Не случись его...

Иоланта Сержантова
   Шмель оценивает утро, измеряя на чутких весах ветки, и никак не может понять ни его важности, ни смысла. Налево присядет - перевес, направо - тот же коленкор, куда не повернёт, всё выходит чересчур. Той малости, что в нём, шмеле, довольно, чтобы пало утро, рухнуло навзничь, распласталось по земле и растаяло, вместе с туманом. И развеется тогда даже само воспоминание об нём! А как напрасно то...

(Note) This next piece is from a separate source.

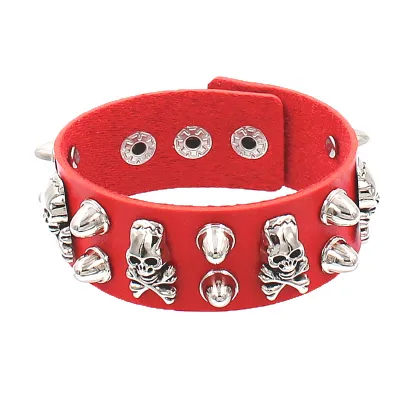 Gothic Punk Compound Skull Wide Leather Bracelet Unisex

   Не желая быть причиной беспокойства, входило утро тихо, едва скрипя деревянной дверью леса, и тянуло из-под неё вкусным духом прелых желудей, мягких от росы сосновых игл, да ландышей. 
   Дабы не идти в полной тишине, не разбить друг об дружку хрусталь ея бокалов, утро глядело просительно на птиц, и те затягивали свою, всегдашнюю, иную всякий раз, похожую на изысканную монотонность ручья, песнь. Стекала она обыкновенно воланами сверху вниз, и сие звучание, нанизанное на струны воздуха, было заметно не только слуху, но взгляду. И так славны казались они,  так хороши, что собрал бы их все по нотке, как по ягодке в лукошко, или целыми гроздьями в корзинку, каждую из мелодий! Да только что ж с ними станется после? Увянут, изотрутся друг об дружку. Мало им будет той тесноты, ибо из-за того-то птичья трель и сладка, что свободна от принуждения над собою.

   Хрупка любая жизнь, более, чем видится то со стороны. Грузна её поступь, да часто не оставляет после себя никакого следа. Вот и утро, было оно и нет. Только вот, не случись его, не отыскать бы солнцу дороги к полдню, а там и вечера не видать никому.